L’Assemblée plénière des évêques de France, s’est tenue en distanciel du 3 au 8 novembre derniers. Le discours de clôture de Mgr Moulins-Beaufort revient sur des travaux qui ont porté sur l’équilibre alimentaire et l’agriculture, préparant une session de printemps placée sous la thématique « Créer et produire ».
Les évêques ont aussi poursuivi leur prospective sur l’implantation des paroisses et sont revenus sur les attentats qui ont causé la mort d'un enseignant et de trois fidèles niçois.
Une autre session se tiendra le 25 novembre, notamment pour entendre le secrétaire général de l’enseignement catholique.
Discours de clôture prononcé par Mgr Éric de Moulins-Beaufort,
Archevêque de Reims et Président de la Confédération des évêques de France
Chers amis, frères et sœurs, chers Frères évêques,
Conditions inédites, assemblée fructueuse
Au fil des dernières années, la célébration eucharistique commune est devenue le cœur des assemblées plénières de la Conférence des évêques de France. Mgr Perrier, en 2008, avait rendu possible qu’elles aient lieu dans la basilique Sainte-Bernadette ; Mgr Brouwet, dès son arrivée, a proposé comme lieu quotidien la basilique Notre-Dame-du-Rosaire. La traversée du pont sur le Gave ne s’est pas, à l’usage, révélée dangereuse et, peu à peu, la liturgie a trouvé sa forme. Les pèlerins présents constituent une assemblée dont la seule vue rappelle concrètement aux évêques que leur ministère est un ministère pour l’Église catholique entière. Les Laudes le matin, les Vêpres au milieu de l’après-midi, l’Angélus à midi et à 18h, déploient en quelque sorte la célébration du mystère de la foi concentrée dans la liturgie eucharistique. Serrés dans les stalles de la basilique, les évêques éprouvent physiquement leur appartenance à un collège au service du Corps du Christ entier.

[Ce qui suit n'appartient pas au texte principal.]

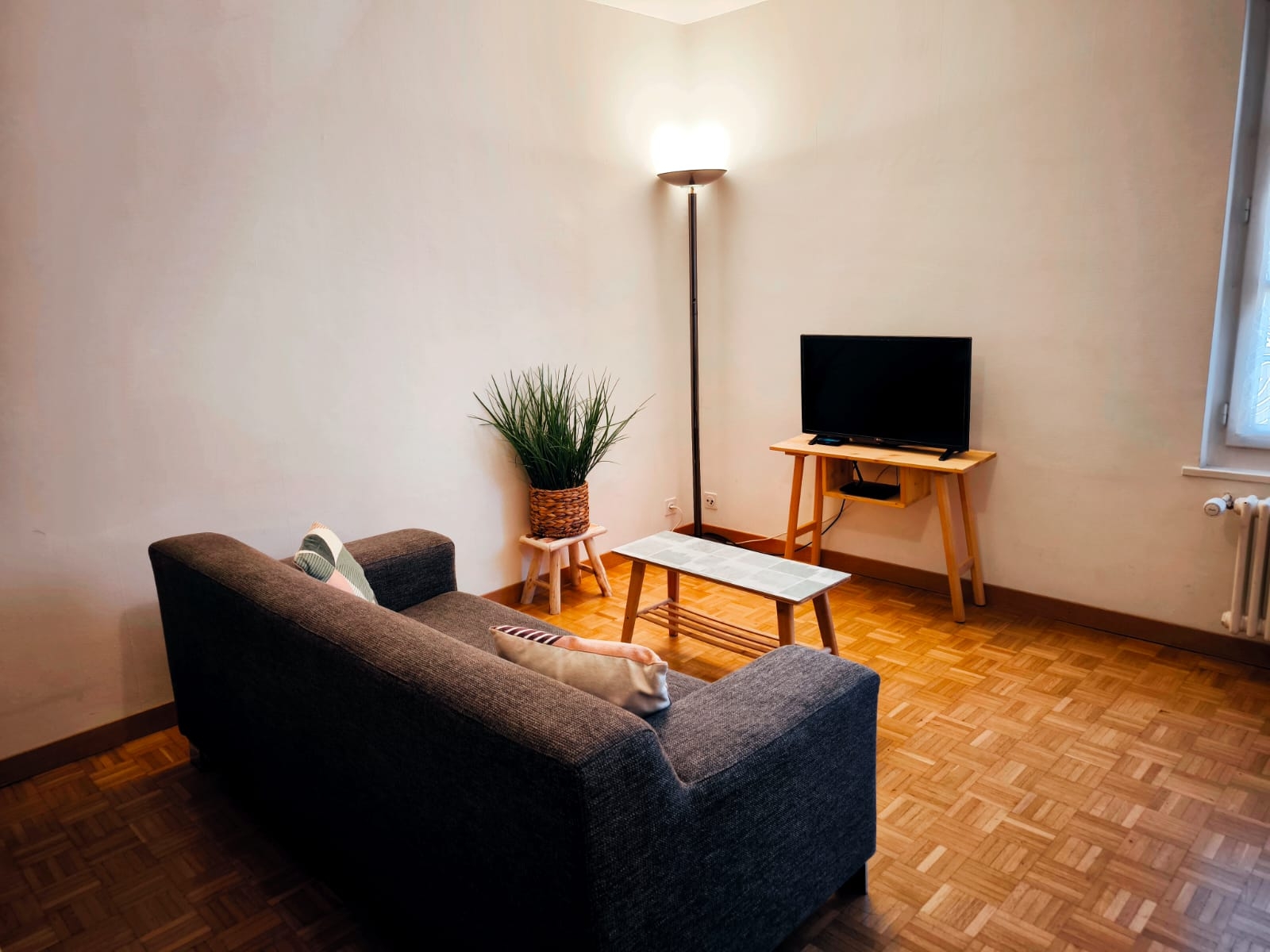Joli studio au vieux Carouge in Carouge, Geneva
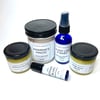 BE Postpartum Care Kit | Nipple Salve | Baby Balm | Mamma's Magic | Aromatherapy Spray & Roller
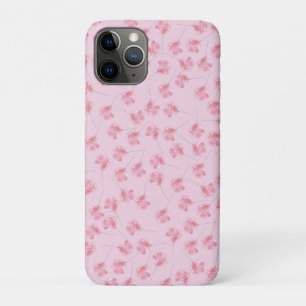 Roze Lollipop Case-Mate iPhone Case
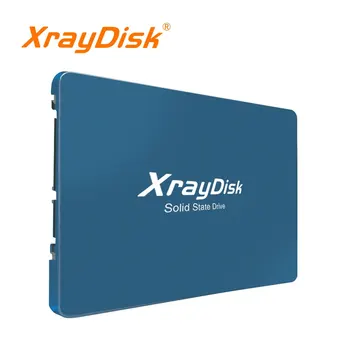 Xraydisk Sata3 Ssd דיסק קשיח 1TB 512GB 480GB 256GB 240GB 128GB 120GB 2.5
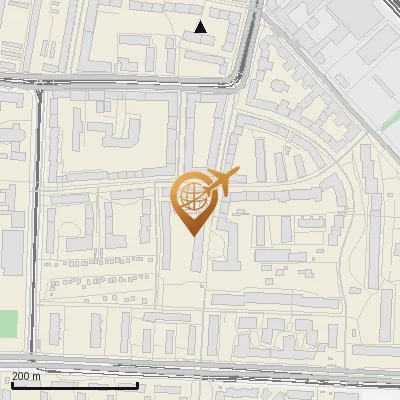 Foto zu Lautensackstraße 20, 80687 München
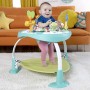 Bright Starts Bounce Bounce Baby Playful Pond Table and Jumper by Bright Starts, Baby jumpers and swings - Ref: Foro24-442973...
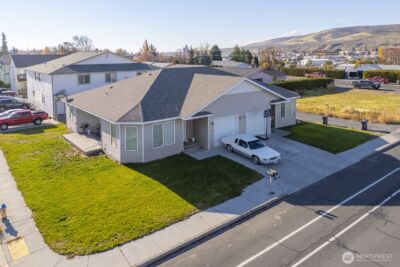 410 /412 NE 3rd Avenue , Ephrata, WA 98823 - Photo 3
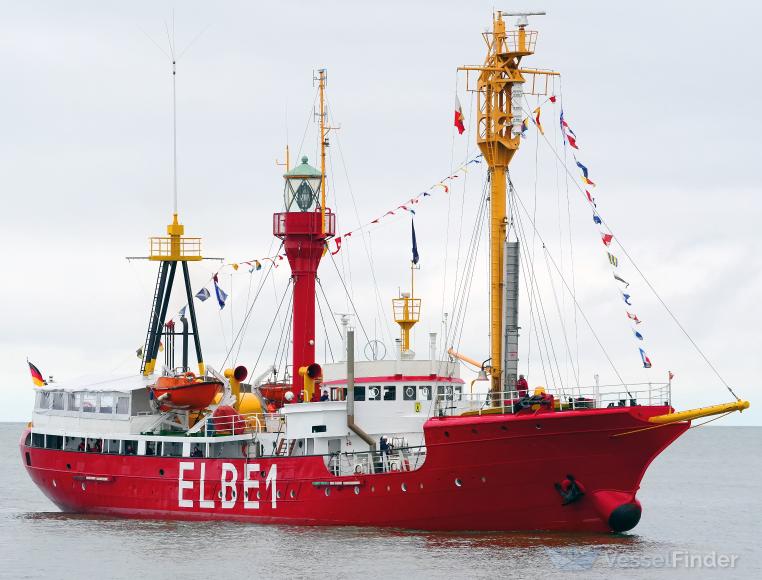 BGM OSWALD-ELBE1 photo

Notre assemblée de cette année, tenue par visio-conférences, épidémie oblige, ne nous a pas permis cette expérience singulière de la proximité les uns aux autres qui se vit dans le rite eucharistique et qui est nourrie par l’Eucharistie elle-même. Les prodiges de la technologie nous ont été plus qu’utiles : grâce à eux, au-delà de ce que nous aurions imaginé, je crois, nous avons éprouvé la joie de nous voir les uns les autres, à tout le moins de nous apercevoir dans les vignettes de nos écrans, parfois de parler à quelques-uns dans un groupe réuni dans une salle numérique. Nous avons même, m’a-t-il semblé, éprouvé quelque chose de l’allégresse qui nous avait saisis en novembre 2019, lorsque nous nous étions retrouvés, un mardi matin, à 300 dans l’hémicycle, prêtres, laïcs, hommes et femmes, évêques, experts et invités diocésains, âgés ou jeunes, voire très jeunes puisqu’il y avait eu parmi nous deux bébés. Les célébrations eucharistiques des deux premiers jours de l’assemblée avaient alors encore gagné en intensité : nous avions éprouvé combien le Seigneur, venant au milieu de nous, nous donnait les uns aux autres comme des frères et des sœurs, ouvrant notre intériorité en profondeur en même temps qu’en largeur et nous envoyant vers le monde parce qu’il nous donnait d’y porter un message de vie.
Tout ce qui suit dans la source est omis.